Feature descriptors

The first of the feature descriptors I implemented simply stores the color components of the pixels in a 5x5 window around the feature point as a vector. The distance between two features was determined by calculating the angle between two such vectors. This is similar to the approach of determining the euclidean distance, but I hoped that it would also account partially for illumination changes, since multiplying the vectors by a constant shouldn't change the angle between them. The other feature descriptor I implemented is similar to the window one, except that it explicitly accounts for rotational and illumination changes. In this descriptor I grab a larger (16x16) subwindow of the image. To reduce the error of small differences in feature positions, this image is then blurred with a 5x5 Gaussian mask. Over this blurred image I then compute the angle of the average gradient, as well as the average value and deviation of the red, green, and blue color components. When comparing two windows, they are rotated so that they are aligned and adjusted so that the means and deviations of each of the color components match. The total difference between two features is then the average difference of their pixels. Initially I had planned to compute the gradient of the difference of two aligned windows, and then choose the feature difference as the least-squared error of the affine transformation best fitting to this vector field. In this way I hoped to account for invariance over small affine transformations. It turns out, however, that I'm lazy and didn't actually do any of this.

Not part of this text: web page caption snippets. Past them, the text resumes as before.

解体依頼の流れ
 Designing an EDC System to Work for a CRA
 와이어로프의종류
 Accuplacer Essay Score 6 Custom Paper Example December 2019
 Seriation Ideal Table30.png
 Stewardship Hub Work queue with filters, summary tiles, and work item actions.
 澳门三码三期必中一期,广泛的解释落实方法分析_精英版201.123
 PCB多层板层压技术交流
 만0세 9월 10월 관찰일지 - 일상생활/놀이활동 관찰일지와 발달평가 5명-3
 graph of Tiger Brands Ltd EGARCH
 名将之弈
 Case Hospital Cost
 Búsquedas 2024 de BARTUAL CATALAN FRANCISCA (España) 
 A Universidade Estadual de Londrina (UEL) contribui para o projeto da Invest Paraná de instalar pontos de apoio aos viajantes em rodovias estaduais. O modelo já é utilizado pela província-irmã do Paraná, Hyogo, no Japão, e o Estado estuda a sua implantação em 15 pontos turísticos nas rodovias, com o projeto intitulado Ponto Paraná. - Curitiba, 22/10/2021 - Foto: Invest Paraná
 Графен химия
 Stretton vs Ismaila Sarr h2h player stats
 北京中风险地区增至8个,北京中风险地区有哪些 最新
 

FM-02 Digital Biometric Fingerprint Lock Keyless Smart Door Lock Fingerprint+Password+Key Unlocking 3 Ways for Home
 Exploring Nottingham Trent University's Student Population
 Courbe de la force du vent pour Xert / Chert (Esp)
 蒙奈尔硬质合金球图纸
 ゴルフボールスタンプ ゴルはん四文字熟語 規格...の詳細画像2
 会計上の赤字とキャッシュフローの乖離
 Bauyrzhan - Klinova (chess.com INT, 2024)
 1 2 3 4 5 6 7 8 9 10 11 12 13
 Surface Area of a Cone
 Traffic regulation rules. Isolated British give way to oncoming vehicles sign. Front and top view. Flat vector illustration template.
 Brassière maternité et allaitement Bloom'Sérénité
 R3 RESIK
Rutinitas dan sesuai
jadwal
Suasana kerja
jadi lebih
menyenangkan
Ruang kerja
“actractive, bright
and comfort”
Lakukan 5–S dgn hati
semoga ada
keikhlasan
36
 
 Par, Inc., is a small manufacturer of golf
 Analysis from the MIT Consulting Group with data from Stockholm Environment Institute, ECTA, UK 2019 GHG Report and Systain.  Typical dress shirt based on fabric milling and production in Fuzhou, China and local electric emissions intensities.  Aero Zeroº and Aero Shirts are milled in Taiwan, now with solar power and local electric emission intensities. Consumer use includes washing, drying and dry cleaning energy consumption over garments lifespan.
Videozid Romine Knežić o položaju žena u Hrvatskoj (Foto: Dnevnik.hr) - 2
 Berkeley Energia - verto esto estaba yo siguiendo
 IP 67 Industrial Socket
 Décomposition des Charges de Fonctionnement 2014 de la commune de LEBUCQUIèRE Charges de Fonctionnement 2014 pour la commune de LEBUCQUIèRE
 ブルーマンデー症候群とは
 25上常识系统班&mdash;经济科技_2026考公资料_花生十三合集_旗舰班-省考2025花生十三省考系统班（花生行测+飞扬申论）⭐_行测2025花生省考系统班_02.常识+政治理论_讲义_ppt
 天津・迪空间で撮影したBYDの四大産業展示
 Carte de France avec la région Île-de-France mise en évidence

Oh well, it sounded like an interesting idea at first.

performance

Average pixel error on image sets
Window That other Method
graf 216 209 234 205
leuven 321 238 250 129
bikes 418 387 425 355
wall 303 275 335 258

results

In the end, I found that while my feature descriptor fared reasonable well with illumination changes, it was relatively brittle to other sorts of transformations. This appears to be partially due to errors in the calculation of the gradient direction over a window -- possible as a result of it's calculation over a radially asymmetric region (which in retrospect, was pretty silly, particularly since I already avoided this in the Harris corner detection). That said, it seems to get a semi-respectable proportion of the features correct for rotations and illumination changes.